Slowly the story moves on and I come back to earth, back to the dark little park here in the heartland where Venus and Cupid and all the other gods and goddesses do not walk, or if they do it is so disguised that I do not know them.

And then my feet begin to ache and I am just me walking in the dark after a long day, ready to go home and have a cup of tea.


Friday, September 14, 2012

Challenges


In a world where stress is constantly in the news, often just to sell some product or service that supposedly helps reduce stress I have to admit I find most things stressful!

Whether I was born with this problem, or developed it later is irrelevant for me.  It exists.

As a child I was the kid who was sick by the time we left on vacation because I had been so excited for so long.  Most major holidays were prefaced by a long night of sleeplessness.  Cold sores erupted before pictures, school dances, even my own wedding.  Hives are as much a part of my life as acne is for teenagers.

I have learned to cope.  Lysine is a simple over the counter supplement that keeps cold sores at bay.  Benadryl is my friend.  Meditation helps me unwind and simple breathing techniques keep me sane.

Still, it is like wearing a sweater over goosebumps.  The feelings are always here, ready to eat away at my self-esteem, erupt on my skin, or ruin any situation.  Thoughts pop up in my mind blocking teacher’s voices in class, ministers in church, dialogue in movies, leaving me wondering what I missed.  I am my own worst enemy.

I say this because I don’t think I am all that unique.  This flaw in me is present to some degree in lots of people and while it is often a problem, it should not be a source of shame.  Nor should it be an excuse.

It is a challenge.  Not a simple one, or impossible one, but a challenge to live my life as much in the present as I possibly can, to keep bringing myself back to the task at hand – even if that is only to be cognizant of the beauty in each moment, and accept myself for who I am.

Being kind to others is easier when I can love myself.



Wednesday, September 12, 2012

It only makes sense


I remember one of my first psychology classes in college when the professors talked about how most people get well no matter what kind of doctor or medicine they use because the body heals itself. 

I have a cold.

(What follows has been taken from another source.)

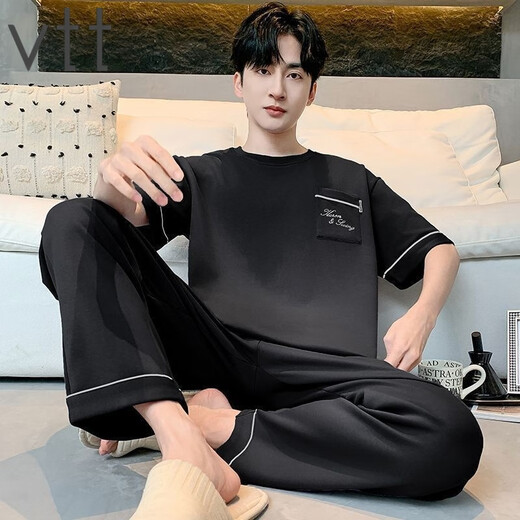 VTT睡衣男夏季纯棉短袖长裤男款薄款大码简约可外家居服套装 V短袖长裤：OMM13077 L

It runs its course and goes away.  I skin my knee.  The skin repairs itself.  Other things are not so clear-cut and that is when I turn to others for help.  I believe this other can make me better and he does.  Sometimes he offers me medicine or supplements that my body lacks, but often I just have faith in his ability to heal me. 

Athletes have discovered if they visualize their actions they perform better.  If I want to be a concert pianist I know it is going to require hours of practice every day.  If I want to be an author, I need to write, write, write.  If I am trying to shape up, I exercise the parts of my body I want to change.  When I am tired I yawn and go to sleep, when I am afraid the adrenaline surges through my body, when I meditate my body calms itself.   Physical manifestations that are the result of something that seems to start in my mind can be measured in concrete ways.

Just because I don’t understand what is happening does not mean I am not doing it.  We are finite creatures that will eventually disintegrate and die, but I believe each one of us is also a wondrous creature capable of doing what we now think of as miraculous things.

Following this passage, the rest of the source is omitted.